Un nuovo studio mostra che i topi adulti possono sviluppare un udito più acuto dopo aver trascorso una settimana nell’oscurità totale.

Da Ray Charles a Daredevil, la cultura popolare sostiene da tempo che la cecità può affinare l’udito. Ora, i neuroscienziati hanno scoperto non solo che questo è vero, ma hanno anche scoperto come succede.

Un nuovo studio, co-autore di Hey-Kyoung Lee, professore associato presso il Mind/Brain Institute della Johns Hopkins University , e Patrick Kanold, professore associato presso l’ Università del Maryland, College Park , è stato pubblicato sulla rivistaNeuroneFonte attendibile. Descrive come privando i topi della luce, il cervello del topo affina la sua risposta ai suoni.

Gli scienziati hanno messo i topi di laboratorio in una camera buia per una settimana, privando completamente i topi della luce visibile. Quindi, hanno misurato come erano cambiate le loro risposte a suoni diversi.

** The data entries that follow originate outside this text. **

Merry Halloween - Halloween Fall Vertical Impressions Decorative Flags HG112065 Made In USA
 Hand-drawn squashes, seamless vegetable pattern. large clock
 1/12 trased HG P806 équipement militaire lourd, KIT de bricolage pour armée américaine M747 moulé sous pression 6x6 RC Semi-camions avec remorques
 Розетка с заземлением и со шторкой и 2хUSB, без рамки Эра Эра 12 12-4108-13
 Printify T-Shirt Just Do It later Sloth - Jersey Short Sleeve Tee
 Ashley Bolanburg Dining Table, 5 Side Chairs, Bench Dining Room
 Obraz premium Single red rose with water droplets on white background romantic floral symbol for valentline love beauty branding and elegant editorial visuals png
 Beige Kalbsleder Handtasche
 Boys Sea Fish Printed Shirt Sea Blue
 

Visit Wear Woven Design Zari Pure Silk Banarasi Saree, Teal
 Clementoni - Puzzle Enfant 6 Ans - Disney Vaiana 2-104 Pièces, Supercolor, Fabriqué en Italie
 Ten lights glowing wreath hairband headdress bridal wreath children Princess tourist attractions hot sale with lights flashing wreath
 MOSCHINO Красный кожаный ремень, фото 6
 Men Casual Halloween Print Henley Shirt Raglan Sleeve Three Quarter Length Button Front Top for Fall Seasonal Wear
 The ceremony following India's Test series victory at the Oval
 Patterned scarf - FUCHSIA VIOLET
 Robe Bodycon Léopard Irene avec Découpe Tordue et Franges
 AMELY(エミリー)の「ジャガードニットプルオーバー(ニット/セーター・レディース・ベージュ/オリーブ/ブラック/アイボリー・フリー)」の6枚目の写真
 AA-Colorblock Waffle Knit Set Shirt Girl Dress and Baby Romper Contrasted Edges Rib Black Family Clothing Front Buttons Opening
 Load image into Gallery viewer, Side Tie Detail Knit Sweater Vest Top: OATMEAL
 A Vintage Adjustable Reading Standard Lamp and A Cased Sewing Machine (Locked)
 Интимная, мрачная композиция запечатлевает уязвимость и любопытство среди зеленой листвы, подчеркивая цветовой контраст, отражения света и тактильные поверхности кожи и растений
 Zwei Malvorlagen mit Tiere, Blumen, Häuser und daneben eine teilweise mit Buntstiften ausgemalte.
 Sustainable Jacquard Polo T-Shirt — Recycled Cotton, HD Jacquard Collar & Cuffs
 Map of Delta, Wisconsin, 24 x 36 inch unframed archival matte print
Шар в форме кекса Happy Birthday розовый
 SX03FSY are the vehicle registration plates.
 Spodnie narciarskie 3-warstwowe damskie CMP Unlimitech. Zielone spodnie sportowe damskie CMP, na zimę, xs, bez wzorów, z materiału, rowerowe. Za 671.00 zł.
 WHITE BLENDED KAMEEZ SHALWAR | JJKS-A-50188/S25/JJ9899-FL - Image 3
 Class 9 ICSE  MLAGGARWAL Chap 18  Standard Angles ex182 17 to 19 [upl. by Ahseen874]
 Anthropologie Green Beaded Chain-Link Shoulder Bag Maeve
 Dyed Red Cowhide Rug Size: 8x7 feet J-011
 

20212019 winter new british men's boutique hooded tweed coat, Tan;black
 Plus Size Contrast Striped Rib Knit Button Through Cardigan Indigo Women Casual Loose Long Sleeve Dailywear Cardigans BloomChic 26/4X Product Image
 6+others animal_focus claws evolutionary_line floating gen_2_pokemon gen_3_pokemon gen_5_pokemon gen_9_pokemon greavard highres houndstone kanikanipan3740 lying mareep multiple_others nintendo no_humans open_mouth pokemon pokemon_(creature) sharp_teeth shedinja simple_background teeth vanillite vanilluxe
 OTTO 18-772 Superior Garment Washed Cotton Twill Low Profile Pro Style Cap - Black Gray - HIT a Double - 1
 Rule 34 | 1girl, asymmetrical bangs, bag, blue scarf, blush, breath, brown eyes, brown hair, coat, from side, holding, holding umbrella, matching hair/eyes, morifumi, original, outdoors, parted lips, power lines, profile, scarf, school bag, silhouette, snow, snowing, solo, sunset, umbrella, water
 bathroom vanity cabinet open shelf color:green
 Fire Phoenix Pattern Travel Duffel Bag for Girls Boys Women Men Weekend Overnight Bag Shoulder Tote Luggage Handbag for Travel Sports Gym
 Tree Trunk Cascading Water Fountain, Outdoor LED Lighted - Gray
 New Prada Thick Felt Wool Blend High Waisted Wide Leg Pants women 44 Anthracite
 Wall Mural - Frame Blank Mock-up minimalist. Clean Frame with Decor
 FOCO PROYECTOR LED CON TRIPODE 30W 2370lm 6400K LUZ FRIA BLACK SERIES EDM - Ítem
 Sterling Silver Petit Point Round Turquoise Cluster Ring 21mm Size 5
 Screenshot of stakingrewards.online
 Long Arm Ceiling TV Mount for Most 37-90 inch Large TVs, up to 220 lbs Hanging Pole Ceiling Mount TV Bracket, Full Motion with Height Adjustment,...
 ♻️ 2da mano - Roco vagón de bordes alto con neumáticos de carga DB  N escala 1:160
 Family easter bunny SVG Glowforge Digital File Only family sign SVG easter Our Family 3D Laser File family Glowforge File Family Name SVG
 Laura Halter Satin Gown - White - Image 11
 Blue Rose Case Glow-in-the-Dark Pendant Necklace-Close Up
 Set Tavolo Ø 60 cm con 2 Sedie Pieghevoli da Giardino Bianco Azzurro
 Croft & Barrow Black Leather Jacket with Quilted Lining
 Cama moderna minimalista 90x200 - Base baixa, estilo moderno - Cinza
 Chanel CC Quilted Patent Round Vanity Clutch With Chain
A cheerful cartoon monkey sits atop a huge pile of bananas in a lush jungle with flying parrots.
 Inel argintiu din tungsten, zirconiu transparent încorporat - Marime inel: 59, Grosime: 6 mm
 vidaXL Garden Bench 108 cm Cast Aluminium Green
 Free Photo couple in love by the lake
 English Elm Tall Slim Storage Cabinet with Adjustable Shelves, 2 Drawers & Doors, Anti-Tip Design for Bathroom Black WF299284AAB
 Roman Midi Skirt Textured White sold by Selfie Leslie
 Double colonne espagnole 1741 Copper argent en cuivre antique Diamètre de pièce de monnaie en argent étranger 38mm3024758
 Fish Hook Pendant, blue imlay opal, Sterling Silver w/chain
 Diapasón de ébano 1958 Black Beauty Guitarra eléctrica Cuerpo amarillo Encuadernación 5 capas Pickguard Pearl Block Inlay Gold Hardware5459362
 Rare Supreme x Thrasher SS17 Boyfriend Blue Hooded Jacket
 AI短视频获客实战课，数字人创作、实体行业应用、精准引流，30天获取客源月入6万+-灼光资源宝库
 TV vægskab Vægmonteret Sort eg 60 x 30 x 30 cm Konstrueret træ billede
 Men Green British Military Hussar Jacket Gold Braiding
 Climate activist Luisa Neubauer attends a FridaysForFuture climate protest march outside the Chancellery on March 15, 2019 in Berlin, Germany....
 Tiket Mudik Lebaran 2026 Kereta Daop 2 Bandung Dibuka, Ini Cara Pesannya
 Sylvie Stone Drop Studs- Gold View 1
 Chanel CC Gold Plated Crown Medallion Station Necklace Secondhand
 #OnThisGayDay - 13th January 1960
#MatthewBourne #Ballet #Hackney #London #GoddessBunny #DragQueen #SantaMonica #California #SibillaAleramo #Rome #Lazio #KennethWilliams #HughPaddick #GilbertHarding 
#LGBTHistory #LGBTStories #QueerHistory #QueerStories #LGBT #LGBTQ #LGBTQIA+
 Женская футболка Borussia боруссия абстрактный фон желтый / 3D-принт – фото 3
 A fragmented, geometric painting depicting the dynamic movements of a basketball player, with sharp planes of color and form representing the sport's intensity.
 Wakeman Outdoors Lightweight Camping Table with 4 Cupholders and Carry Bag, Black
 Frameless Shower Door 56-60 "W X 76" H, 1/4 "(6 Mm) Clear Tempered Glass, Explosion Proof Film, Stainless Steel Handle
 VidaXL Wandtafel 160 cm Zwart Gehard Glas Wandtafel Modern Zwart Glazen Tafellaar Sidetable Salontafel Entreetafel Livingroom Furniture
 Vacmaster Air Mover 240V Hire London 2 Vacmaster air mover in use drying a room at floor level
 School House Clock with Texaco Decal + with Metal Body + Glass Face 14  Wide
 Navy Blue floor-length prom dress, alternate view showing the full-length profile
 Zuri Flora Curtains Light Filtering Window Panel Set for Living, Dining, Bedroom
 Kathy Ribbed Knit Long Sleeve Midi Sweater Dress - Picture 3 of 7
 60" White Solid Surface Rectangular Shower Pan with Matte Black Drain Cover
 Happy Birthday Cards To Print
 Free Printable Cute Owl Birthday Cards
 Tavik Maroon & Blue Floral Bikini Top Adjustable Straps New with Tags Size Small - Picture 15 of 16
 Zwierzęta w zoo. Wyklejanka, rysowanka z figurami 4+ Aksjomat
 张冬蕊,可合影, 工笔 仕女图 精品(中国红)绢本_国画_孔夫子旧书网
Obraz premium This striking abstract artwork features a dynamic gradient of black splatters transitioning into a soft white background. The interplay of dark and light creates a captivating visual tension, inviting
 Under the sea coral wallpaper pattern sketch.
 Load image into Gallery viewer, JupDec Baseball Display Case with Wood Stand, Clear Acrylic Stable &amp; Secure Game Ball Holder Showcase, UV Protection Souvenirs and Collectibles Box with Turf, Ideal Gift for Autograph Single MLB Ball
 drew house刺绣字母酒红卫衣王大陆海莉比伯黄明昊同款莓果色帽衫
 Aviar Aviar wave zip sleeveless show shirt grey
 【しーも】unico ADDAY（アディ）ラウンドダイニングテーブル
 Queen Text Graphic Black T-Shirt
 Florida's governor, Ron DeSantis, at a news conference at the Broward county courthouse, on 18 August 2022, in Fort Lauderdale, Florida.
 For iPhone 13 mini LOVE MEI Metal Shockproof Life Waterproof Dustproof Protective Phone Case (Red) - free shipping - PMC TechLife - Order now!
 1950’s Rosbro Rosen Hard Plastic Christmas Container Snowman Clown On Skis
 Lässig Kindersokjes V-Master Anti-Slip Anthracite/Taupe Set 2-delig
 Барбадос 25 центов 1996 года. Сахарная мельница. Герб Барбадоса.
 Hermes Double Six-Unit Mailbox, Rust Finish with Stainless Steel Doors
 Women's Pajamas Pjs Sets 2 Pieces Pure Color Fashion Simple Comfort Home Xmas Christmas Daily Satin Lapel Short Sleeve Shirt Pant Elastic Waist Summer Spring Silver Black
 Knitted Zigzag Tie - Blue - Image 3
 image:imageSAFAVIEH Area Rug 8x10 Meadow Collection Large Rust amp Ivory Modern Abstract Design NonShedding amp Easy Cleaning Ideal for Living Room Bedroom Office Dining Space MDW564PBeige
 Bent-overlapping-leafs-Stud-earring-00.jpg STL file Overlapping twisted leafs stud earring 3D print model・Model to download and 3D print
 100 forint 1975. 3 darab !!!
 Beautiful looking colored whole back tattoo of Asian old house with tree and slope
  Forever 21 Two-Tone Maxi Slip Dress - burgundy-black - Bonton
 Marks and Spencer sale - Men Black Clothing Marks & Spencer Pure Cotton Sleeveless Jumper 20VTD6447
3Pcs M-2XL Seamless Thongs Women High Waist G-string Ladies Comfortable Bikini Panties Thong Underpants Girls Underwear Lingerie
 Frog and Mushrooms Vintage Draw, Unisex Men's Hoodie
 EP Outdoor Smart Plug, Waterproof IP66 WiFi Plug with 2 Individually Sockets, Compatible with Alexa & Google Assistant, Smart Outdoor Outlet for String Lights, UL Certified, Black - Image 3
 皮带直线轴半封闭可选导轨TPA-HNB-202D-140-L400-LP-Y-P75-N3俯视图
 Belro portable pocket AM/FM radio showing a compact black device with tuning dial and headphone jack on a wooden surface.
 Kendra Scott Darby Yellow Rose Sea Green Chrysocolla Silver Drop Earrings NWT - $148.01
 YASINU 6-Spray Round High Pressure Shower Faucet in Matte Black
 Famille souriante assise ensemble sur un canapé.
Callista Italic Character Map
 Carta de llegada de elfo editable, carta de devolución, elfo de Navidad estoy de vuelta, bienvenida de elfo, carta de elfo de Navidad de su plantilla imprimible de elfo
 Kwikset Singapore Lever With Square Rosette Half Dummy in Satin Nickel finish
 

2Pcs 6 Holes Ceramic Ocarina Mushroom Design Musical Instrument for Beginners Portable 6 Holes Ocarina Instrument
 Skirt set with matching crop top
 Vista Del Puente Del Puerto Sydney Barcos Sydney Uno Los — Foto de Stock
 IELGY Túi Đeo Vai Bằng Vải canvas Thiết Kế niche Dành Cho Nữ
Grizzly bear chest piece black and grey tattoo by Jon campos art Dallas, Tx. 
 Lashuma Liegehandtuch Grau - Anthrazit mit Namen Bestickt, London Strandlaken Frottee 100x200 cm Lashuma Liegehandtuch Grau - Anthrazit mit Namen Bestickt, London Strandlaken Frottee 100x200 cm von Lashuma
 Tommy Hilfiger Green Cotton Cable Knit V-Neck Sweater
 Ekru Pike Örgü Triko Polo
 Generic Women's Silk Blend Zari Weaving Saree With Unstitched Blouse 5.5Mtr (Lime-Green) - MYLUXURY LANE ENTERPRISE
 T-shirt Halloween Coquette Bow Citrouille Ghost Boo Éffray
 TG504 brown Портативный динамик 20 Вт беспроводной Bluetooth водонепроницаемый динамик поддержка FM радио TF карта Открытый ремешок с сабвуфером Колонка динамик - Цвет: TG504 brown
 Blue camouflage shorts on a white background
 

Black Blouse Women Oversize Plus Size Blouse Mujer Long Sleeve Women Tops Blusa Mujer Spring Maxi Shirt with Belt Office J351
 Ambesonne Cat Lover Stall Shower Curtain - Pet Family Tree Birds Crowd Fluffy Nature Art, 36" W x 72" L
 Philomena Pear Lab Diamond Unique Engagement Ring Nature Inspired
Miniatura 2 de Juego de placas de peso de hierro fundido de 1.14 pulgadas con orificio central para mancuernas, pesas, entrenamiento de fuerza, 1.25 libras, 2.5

Dopo una settimana nell’oscurità totale, i topi hanno mostrato una maggiore capacità di sentire i suoni deboli, di riconoscere l’esatta altezza dei suoni e di individuare la direzione da cui proveniva un suono.

“Il nostro risultato direbbe che non avere la vista ti permette di sentire suoni più morbidi e discriminare meglio il tono”, ha detto Lee in un comunicato stampa. “Se avessi mai dovuto ascoltare un brano musicale familiare con un forte rumore di sottofondo, avresti notato che a volte sembra che il ritmo o la melodia siano diversi, perché alcune note si perdono con lo sfondo. Il nostro lavoro suggerirebbe che se non hai una visione ora puoi salvare queste note “perse” per apprezzare la musica così com’è”.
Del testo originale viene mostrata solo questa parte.